Rumors that government ministers were caught on tape discussing cocaine
smuggling have swirled around Jamaica since Prime Minister P.J. Patterson
in October ordered an investigation into allegations that his telephone was
illegally bugged along with those of Cabinet ministers and drug gang
leaders with political ties.

Within days of Mr. Patterson's disclosure, the police commissioner said
high-ranking police officers were being investigated for aiding Colombian
smugglers.

Jamaica has one of the worst murder rates in the world -- 849 people in
1999 out of population of 2.6 million -- a reality many blame on drug
gangs. Drug gangs are also blamed for the high murder rate in Puerto Rico.

With shifts in world trade costing the region tens of thousands of jobs and
shrinking export profits, these small island states have become more
vulnerable than ever to drug lords whose fortunes dwarf those of its
governments and poorly paid law enforcers.

Drug scandals brought down the government of St.

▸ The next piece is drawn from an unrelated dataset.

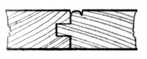 Fig. 96.—Tongued     and Grooved     Matchboarding,     with Bead on     One Side.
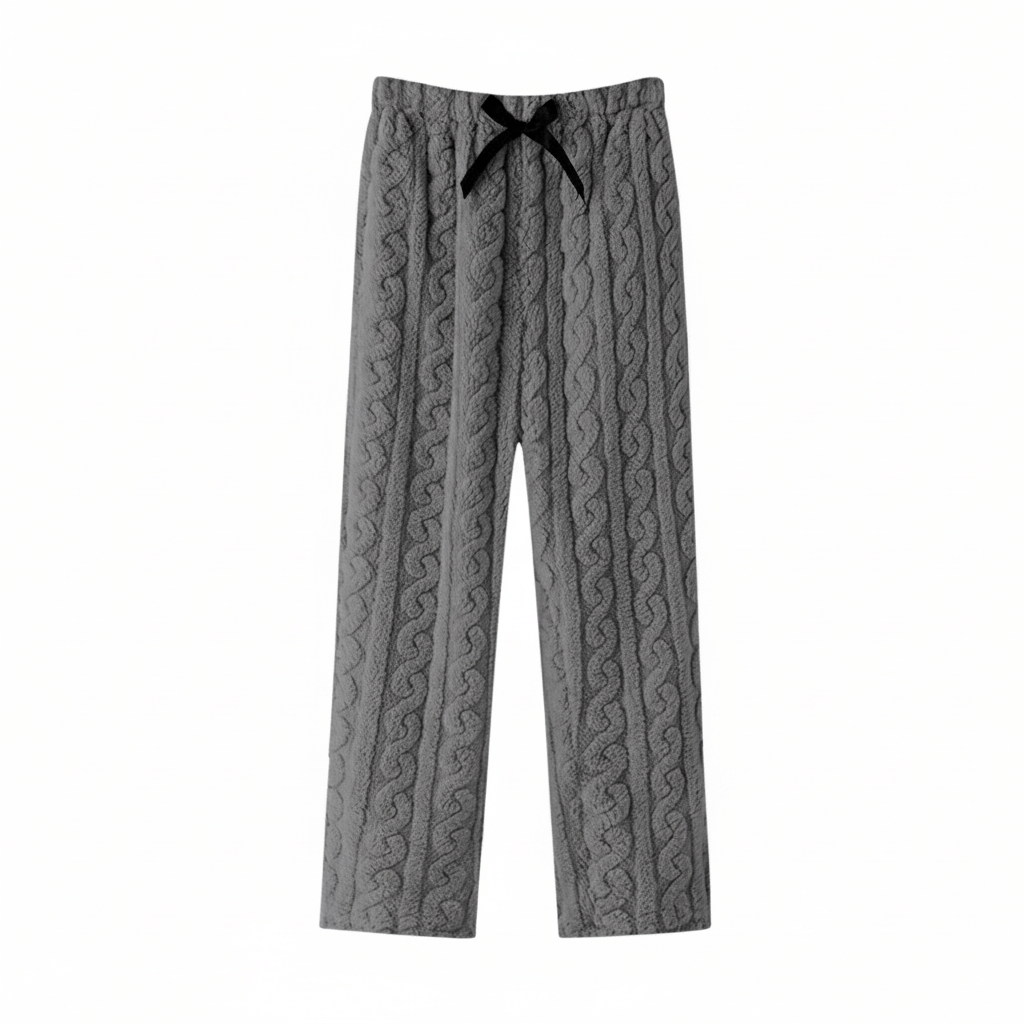 Waffle Knit Pyjama Trousers For Ladies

Kitts and Nevis in 1994.

Britain dissolved the government of its Turks and Caicos Islands in 1986
after then-Chief Minister Norman Saunders was convicted and jailed in Miami
on drug-trafficking charges. Mr. Saunders was re-elected in 1995. The same
year, relations with Britain deteriorated after the British governor
charged his territory was rife with drug corruption.

A U.N. report on drug trends in the Caribbean, released in late November,
blames the surge in trafficking in part on "weak states, economic
structures dependent on sectors such as tourism or financial services that
are vulnerable to money laundering, and economic and human networks
connecting the region to drug-consuming countries."

The solution, Mr. McMillan and others say, is decriminalizing or legalizing
drugs, then using the money now spent on the drug war to pay for education
and addiction recovery programs that would reduce demand for drugs.

Mr. Vigil does not disagree. "We have to look at a balanced approached
between enforcement and demand reduction," he said.

But drug policy is mostly dictated by the U.S., where politicians favor
tough antidrug laws and initiatives.

Solid figures on U.S. antinarcotics efforts are nearly impossible to nail
down. But the Center for International Policy, a Washington-based think
tank, estimates that in 1999 the U.S. provided almost $500 million in aid
to countries involved in this year's Operation Libertador. Of that, only $5
million-$6 million was earmarked to help reduce demand.